Durante essa saída conheci pessoas muito interessantes, e que renderão posts individuais sobre cada uma deles. A primeira delas foi Ari Barbosa, diagramador, mas agora está trabalhando como modelo nas horas vagas, rsrs (Vocês entenderão melhor no post de sábado), depois Jair Guimarães, motorista da rede há quase 12 anos, seguido de Robson Neto, jornalista especializado em fotografia e Antônio Meira, editor do caderno Autos.
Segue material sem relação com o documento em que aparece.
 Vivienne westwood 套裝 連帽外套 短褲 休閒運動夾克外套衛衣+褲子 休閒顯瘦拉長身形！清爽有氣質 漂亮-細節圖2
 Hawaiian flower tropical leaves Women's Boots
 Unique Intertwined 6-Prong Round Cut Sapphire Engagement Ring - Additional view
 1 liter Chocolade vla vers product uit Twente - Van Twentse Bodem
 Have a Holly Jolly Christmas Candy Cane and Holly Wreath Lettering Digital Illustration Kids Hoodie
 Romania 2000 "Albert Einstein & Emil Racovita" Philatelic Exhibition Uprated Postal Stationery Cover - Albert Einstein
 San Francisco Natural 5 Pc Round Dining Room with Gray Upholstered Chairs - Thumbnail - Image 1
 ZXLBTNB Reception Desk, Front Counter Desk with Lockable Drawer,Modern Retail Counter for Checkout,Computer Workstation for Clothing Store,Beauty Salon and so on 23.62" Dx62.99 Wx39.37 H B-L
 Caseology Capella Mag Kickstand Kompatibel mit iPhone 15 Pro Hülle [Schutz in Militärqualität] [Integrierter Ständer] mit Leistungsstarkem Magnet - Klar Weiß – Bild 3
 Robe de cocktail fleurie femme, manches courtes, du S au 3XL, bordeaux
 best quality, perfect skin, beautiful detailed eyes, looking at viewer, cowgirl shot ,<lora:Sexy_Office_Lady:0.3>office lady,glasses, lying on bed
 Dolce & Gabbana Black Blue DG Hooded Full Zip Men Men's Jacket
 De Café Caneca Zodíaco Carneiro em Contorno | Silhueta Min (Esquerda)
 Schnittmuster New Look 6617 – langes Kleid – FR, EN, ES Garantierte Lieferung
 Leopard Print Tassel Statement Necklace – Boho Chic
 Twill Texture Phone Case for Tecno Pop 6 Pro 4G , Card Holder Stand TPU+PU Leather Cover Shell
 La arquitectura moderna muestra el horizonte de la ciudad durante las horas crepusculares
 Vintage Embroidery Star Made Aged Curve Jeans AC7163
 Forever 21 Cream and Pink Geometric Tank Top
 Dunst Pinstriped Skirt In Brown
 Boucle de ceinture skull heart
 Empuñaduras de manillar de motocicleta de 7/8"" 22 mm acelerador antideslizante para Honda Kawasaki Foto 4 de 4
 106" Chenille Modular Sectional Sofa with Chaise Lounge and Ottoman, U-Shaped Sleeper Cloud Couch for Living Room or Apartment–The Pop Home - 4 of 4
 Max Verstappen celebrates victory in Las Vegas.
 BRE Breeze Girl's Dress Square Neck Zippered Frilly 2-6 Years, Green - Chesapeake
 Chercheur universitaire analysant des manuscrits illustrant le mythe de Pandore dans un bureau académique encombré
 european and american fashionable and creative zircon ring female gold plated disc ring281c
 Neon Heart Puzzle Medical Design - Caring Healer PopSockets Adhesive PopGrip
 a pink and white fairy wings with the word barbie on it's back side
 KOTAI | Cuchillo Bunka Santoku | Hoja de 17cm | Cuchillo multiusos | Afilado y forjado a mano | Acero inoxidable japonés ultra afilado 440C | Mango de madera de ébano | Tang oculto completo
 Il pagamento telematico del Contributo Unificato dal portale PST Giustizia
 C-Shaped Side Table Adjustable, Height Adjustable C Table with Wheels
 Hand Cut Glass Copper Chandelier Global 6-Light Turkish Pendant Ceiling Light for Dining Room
Decidi iniciar os relatos falando sobre Robson. Durante uma conversa ele falou sobre o amor pela profissão e como o trabalho flui quando se trabalha bem em equipe. De acordo com ele, “para se trabalhar com jornalismo, ele precisa ser a sua cachaça, precisa te dar tesão”. Neto falou ainda que para se obter um bom trabalho em equipe, e aqui ele quis dizer fotógrafo e repórter, é necessário respeito e humildade entre as partes.
A resenha terminou com histórias sobre trabalhos feitos. Robson contou que certo dia precisava fazer fotos de um jogo importante do Vitória no Barradão e o trânsito estava congestionado. Se fosse de carro, ele não conseguiria chegar a tempo, então decidiu pegar uma carona de moto com um torcedor do Vitória que estava a caminho do estádio.
Ele foi na garupa carregando um notebook na mochila, a câmera e algumas lentes numa bolsa na cintura, além de uma lente especial para fotografar a longas distâncias, essencial para conseguir capturar lances em jogos de futebol, nas mãos. Segundo o fotógrafo, eles tiveram de pegar atalhos por locais perigosos para conseguir chegar a tempo. “Coloquei minha vida em risco”, disse.
Porém, a correria valeu a pena! Quando chegou ao Barradão, Robson havia perdido um gol do Vitória, mas, para sua sorte, houve outro gol. Esse ele conseguiu fotografar. E a foto foi capa do jornal no dia seguinte.
O amor pela profissão, além de fazer o trabalho ficar prazeroso, pode lhe trazer benefícios. Já que um trabalho feito com vontade é muito mais bem-feito e isso fica evidente para quem está vendo de fora. E a partir daí você tem o reconhecimento.